** What the task requires **
What lines of the data below hold "Package"? Show them.
--- START ---
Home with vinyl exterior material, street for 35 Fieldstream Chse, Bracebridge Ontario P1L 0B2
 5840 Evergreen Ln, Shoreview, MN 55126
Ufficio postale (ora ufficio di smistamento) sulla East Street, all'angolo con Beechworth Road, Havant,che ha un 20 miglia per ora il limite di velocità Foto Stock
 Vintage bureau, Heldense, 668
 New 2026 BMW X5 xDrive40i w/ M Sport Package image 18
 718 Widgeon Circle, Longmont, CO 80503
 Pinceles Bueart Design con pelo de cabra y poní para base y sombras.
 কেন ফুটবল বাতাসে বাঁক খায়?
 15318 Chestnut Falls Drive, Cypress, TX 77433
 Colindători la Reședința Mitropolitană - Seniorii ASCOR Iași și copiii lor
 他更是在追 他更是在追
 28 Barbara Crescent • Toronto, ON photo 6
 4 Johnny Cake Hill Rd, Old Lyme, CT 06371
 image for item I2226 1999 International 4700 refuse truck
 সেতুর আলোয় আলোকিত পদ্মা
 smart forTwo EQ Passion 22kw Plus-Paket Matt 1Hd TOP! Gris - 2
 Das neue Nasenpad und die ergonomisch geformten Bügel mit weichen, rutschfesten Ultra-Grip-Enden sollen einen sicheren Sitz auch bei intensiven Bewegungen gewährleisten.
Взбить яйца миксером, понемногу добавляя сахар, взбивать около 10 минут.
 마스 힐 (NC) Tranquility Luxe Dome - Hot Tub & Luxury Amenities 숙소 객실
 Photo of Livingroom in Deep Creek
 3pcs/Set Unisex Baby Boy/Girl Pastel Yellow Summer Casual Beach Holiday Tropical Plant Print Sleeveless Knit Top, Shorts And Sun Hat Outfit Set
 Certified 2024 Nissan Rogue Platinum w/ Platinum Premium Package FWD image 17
--- END ---
** Task answer **
 New 2026 BMW X5 xDrive40i w/ M Sport Package image 18
 Certified 2024 Nissan Rogue Platinum w/ Platinum Premium Package FWD image 17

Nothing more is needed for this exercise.